The vehemence of this backlash hasn’t surprised reform advocates, but the degree to which their nominal allies in elected office have appeared to cave to it has. Attorney General Tish James, a former public defender, has called for the laws to be reviewed, and de Blasio reportedly demanded changes from Assembly Speaker Carl Heastie. Senate Majority Leader Andrea Stewart-Cousins has floated a plan acceding to the anti-reform coalitions' demand that judges have expanded power to lock people up before their trial.

“I’ve had private conversations with folks in Albany, and they clearly understand that this is an appropriate next step,” said O’Donnell, the Assemblymember sponsoring the 50-A repeal bill. “I'm confident in the Assembly we can get the votes to pass this. I can't speak for the Senate.”
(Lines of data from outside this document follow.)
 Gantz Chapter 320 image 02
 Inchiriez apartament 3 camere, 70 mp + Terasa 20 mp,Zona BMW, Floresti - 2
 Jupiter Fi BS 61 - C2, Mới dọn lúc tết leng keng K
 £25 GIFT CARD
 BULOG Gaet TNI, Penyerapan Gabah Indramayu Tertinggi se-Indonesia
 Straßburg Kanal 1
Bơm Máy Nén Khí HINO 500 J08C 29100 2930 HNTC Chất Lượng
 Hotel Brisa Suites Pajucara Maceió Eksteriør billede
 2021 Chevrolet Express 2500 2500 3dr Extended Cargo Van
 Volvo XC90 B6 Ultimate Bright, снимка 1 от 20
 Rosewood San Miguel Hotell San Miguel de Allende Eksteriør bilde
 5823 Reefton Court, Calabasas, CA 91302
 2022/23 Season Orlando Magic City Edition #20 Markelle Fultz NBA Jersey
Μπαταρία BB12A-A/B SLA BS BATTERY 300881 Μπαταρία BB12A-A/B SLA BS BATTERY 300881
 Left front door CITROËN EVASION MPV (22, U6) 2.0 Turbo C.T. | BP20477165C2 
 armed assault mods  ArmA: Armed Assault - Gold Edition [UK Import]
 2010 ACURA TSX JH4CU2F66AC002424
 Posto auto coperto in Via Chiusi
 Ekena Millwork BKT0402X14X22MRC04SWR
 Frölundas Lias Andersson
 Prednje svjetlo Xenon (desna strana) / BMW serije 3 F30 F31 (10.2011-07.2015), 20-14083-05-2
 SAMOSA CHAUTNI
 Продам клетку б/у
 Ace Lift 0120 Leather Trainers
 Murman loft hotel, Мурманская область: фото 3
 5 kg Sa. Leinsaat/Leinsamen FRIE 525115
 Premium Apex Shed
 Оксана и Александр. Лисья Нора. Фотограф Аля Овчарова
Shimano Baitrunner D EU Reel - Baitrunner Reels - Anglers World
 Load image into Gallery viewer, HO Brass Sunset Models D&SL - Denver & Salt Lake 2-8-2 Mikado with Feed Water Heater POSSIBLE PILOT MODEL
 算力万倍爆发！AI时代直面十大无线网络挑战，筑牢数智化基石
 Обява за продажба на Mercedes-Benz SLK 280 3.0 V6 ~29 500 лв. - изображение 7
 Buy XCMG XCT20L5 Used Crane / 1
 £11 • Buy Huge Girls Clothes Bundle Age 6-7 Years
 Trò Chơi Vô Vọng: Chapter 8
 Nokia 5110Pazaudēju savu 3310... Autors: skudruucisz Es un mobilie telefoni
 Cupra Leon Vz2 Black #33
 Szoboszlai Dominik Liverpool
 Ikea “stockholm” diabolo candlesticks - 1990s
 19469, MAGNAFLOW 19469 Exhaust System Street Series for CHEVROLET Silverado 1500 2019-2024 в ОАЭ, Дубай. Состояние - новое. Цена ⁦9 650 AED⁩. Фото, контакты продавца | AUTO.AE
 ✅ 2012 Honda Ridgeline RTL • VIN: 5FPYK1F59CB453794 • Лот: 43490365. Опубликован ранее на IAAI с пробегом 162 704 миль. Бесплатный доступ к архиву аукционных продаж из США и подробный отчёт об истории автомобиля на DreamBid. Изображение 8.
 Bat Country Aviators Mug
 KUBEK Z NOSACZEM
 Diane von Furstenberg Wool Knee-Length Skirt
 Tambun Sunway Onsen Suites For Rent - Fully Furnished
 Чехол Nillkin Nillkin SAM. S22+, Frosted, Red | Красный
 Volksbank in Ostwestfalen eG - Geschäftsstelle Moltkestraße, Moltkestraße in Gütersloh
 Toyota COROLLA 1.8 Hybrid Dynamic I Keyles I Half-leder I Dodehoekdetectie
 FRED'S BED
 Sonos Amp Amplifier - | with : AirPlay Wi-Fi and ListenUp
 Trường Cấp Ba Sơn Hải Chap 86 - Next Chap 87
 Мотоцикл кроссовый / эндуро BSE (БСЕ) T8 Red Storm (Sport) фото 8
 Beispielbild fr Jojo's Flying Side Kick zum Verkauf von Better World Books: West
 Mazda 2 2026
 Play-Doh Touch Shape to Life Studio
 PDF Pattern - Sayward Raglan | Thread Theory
NYS Senator Patrick Gallivan discusses solitary confinement with NYS Senator Gustavo Rivera (back) during a Committee meeting in Albany.

Courtesy of NY Senate Media Services

For his part, Senator Bailey insists he’s committed to seeing the law passed this year. “I don’t do stuff just to do it,” he said. “I’m looking for a real legislative resolution. We’re going to have to have all hands on deck to get it done.”

At the Albany hearing for 50-A reform, Republican State Senator Patrick Gallivan, a former sheriff and state trooper, offered a preview of an argument Senate Republicans may use against the bill when it comes up for debate.

“How do we trust the press?” he asked, wondering what sort of accountability exists for bad reporters who might have an anti-police bias. “How do we know sources are telling the truth?” Gallivan stressed his intention wasn’t to impugn the press, though he allowed he finds much national news coverage to be badly biased. His point, he said, was that “We still are left to trust you as an industry.”

Similarly, he suggested, perhaps the public just needs to have faith in law enforcement’s ability to police itself. “At a certain point in time,” he said, “we have to trust people.”

Kennedy, the publisher association president, countered that people trust the press because reporters offer supporting documentation. As for whether the system is adequately policing itself, “We need to see those documents so we can verify that.”